A new study about the effects of immigration on U.S. employment supports the long-standing arguments of immigration advocates: Rather than displacing American workers, immigrant labor actually makes our economy stronger. Kevin Drum has the details at Mother Jones.

Now, with reports that undocumented laborers are a mainstay of disaster relief efforts all over the country, Americans are beginning to get a sense of the unsavory work relegated to many immigrants, and the high price immigrants pay for the simple privilege of employment.

Undocumented workers driving wages up

Going back to Mother Jones, new research examining the relationship between immigration and U.S. employment found that—contrary to conventional anti-immigrant wisdom—immigration does not negatively affect American employment. Instead, immigration drives wages up by pushing low-wage American workers into higher-paying jobs.

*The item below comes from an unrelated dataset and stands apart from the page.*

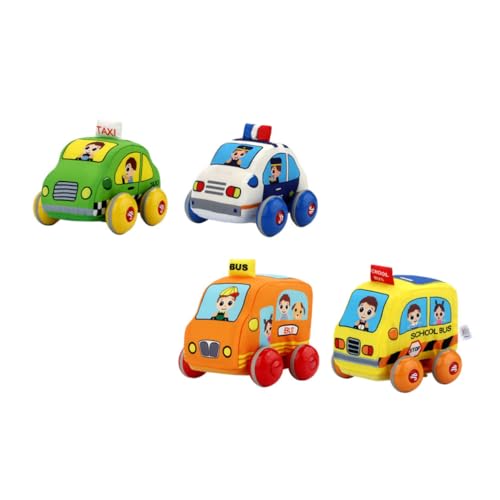 JOINPAYA 4 Stück Stoff Rückziehauto Rückzieh Action Autos Kinderspielzeug Rück Reibungsautos Reibungsbetriebenes Auto Spielzeug Lustiges Rückenspielzeug Reibungsbetriebenes von JOINPAYA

Here’s how it works: As less-educated immigrants gravitate towards work that requires fewer English language skills (like manual labor), their less-educated American counterparts move on to higher-paying, communications-intensive work that capitalizes on their comparatively better English language skills. This naturally drives wages up, and makes for a more productive economy overall.

The irony, as Drum notes, is that those who complain about immigrants stealing American jobs are the same people who want immigrants to learn English and assimilate as quickly as possible. “If they did,” Drum argues, “then they’d just start competing for the higher paying jobs that natives now monopolize.”